For example, Sanders supports “sentencing alternatives,” and Warren supports “diversion programs,” but neither appears to have followed how these reforms are often implemented in ways that can expand carceral control while offloading costs onto individuals and their families. Instead of creating endless community-based extensions of incarceration, we need to release or decline to adjudicate many individuals who need not be in the carceral system at all — something Sanders, Warren and other major candidates are not explicitly calling for en masse.
While his “Reform Our Decrepit Prison System” section rightly names prisons as “hotbeds of human rights violations, torture, sexual assault and wrongful imprisonment,” Sanders’ plan repeats standard promises for reforms that have not created more safety for incarcerated people in the past. He opens the door to cosmetic changes and remodeling of facilities, such as making jails and prisons safe and accessible for people with disabilities in prisons and jails, and making sure trans people have access to good health care.

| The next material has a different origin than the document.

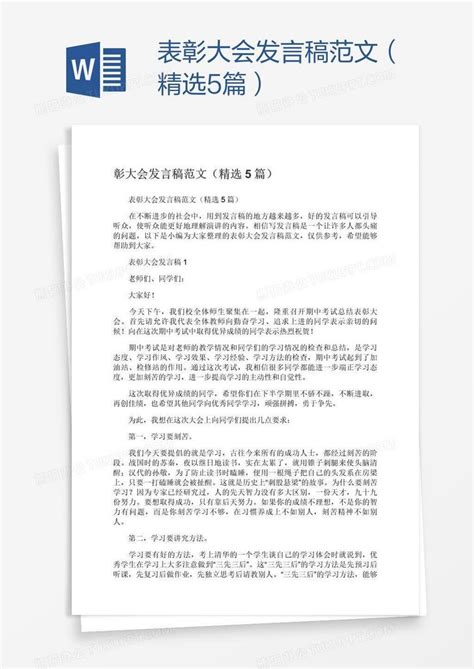 表彰大会发言稿范文（精选5篇）word模板下载编号oakarepx熊猫办公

Such demands have led some jurisdictions to propose building new prisons or expanding existing ones to accommodate “special populations,” such as transgender people or people with mental illness.
As the opposition to gender-responsive prisons in California has shown, expansion of an already-violent system through newer or more specific kinds of prisons creates more problems than it solves. Misty Rojo, an organizer with Justice Now who mobilized against new prisons and jails in California, argued in 2014 that gender responsive prisons “appropriated feminist discourse by using the language of ‘specific needs for women’ in order to manipulate the public into favoring prison and jail expansion as ‘progressive’ and necessary for the well-being of women prisoners.” As she argues, the real source of their problem is being in prison in the first place — and the most effective way to help them is to let them go. Demands to improve the care for incarcerated people need to be linked to concrete plans to close prisons, jails and detention centers.

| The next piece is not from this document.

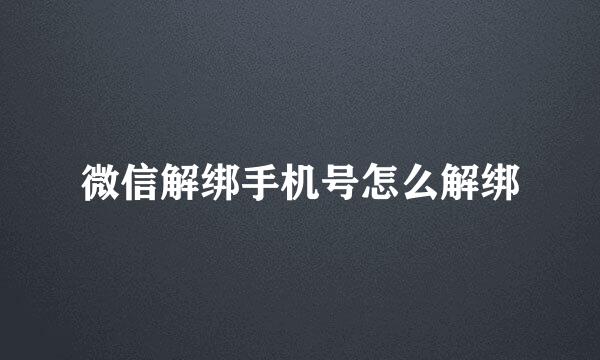 微信解绑手机号怎么解绑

Using the language of the bipartisan reform agenda, Warren places faith in “evidence-based programs and interventions,” such as expanded use of body cameras as a means for reducing police abuse and violence. While she promises strict accountability measures for use of new technologies — facial recognition and algorithm-based surveillance — the growing industry of e-carceration shows that technologically driven promises of accountability, however good on paper, typically don’t provide more justice. But they do sometimes provide cover for wider use of repressive practices and technologies. Though supporters hope body cameras increase police accountability, this has rarely proven true. Police departments typically control who has access to the camera footage, and prosecutors have used such footage to successfully prosecute victims of police abuse. Body camera footage did not stop officer Jeronimo Yanez from shooting Philando Castile, nor did it aid in holding him accountable for killing an innocent man. And to this day, the only person who has gone to jail for the death of Eric Garner is Ramsey Orta, the man who filmed officer Pantaleo choking him.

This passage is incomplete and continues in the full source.